Not that Man of Steel was such a great movie that I would have loved it if ONLY I wasn't a writer, but come on... try a little.
And what is up with these YA novels with no parents? That is way inconsistent with real life. Parents are everywhere, or at least a parent-type figure. Most of us have parents in our lives today, as adults, and it's way less than when we were teenagers. Some people have multiple sets of parents. Whenever I read a story where parents are completely out of the picture because they are "too busy with their careers" to notice their kid is turning into a vampire/werewolf/zombie/faerie/etc., or are going on a month-long vacation which is just the right amount of time to complete the story, and then they come back to a nothing-happened-nothing-changed family life, I cringe. In what world does this actually happen? Where are all the grown ups?

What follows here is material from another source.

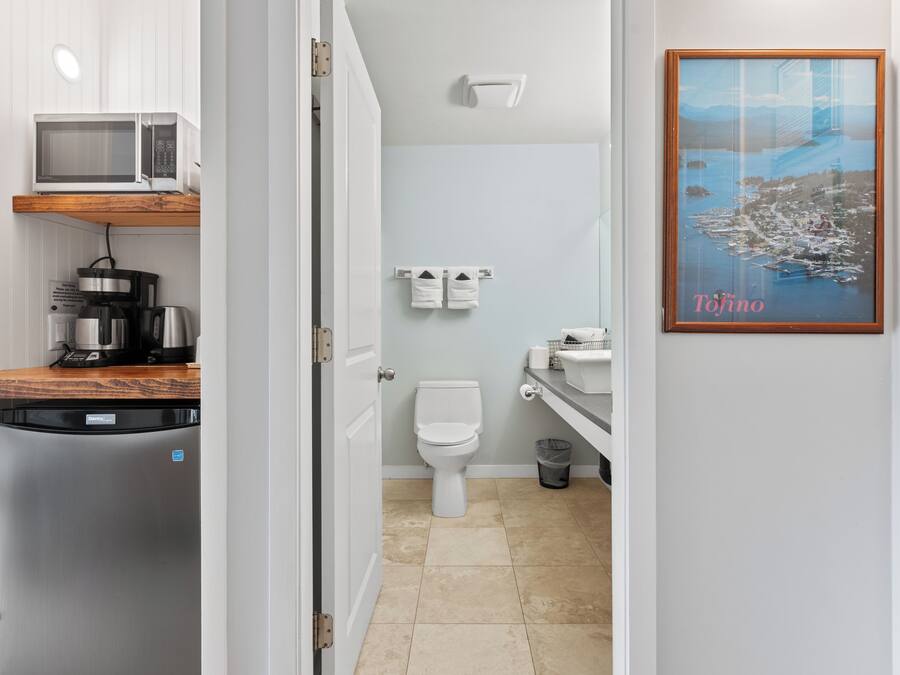 A compact kitchen with a microwave, coffee maker, and refrigerator. A bathroom with a toilet and sink is visible through an open door.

It's somewhat of a joy-kill. As Mary Shelley said, ignorance is bliss.
Now For My Attempts at Marketing...
This is the part of self publishing that I truly hate. Marketing. I might have posted about this before, so I won't go into why I hate it. I just do. Ironically, I love technically creating meme's and banners and stuff like that. I actually love the technical part of self publishing. Formatting images, creating kindle compressed zips with all necessary files -- they are basically small web pages, and I come from a programming background, so for me it's like home. I know there's the direct word-file-upload way, but I just like getting more technical about the whole process and having full control.
Here are the latest pieces I've created to try and promote Isabel & Leo, my short story collection. Aside from posting them on social media, I've done little to promote this. I'll explain my theory as to why later.
|Playful meme with quotes from one of the stories.|
|A more endearing meme with a quote |
from another story in the collection
|Social Media banner for Facebook, Twitter, etc.|
But seriously, I hate posting up on Facebook or Google+ or Twitter or anywhere to "COME BUY MY BOOK!" It's like I was born with the anti-sales gene. You know how some people are just natural athletes and some are not. And some just hate sports. Similar to that, I think people are born natural salesmen, and some, like me, are not. And some of us hate selling.
Isabel & Leo
A short story collection about love, family,
and a couple that shoots Nerf guns like military snipers.
Usually at each other.
Sometimes at their kids.
Sometimes at their kids.
Anyone else in this boat? What do you do about it? What advice can you offer to I'd-rather-hide-under-a-rock-that-market-my-book writers like me? Any advice would be awesome!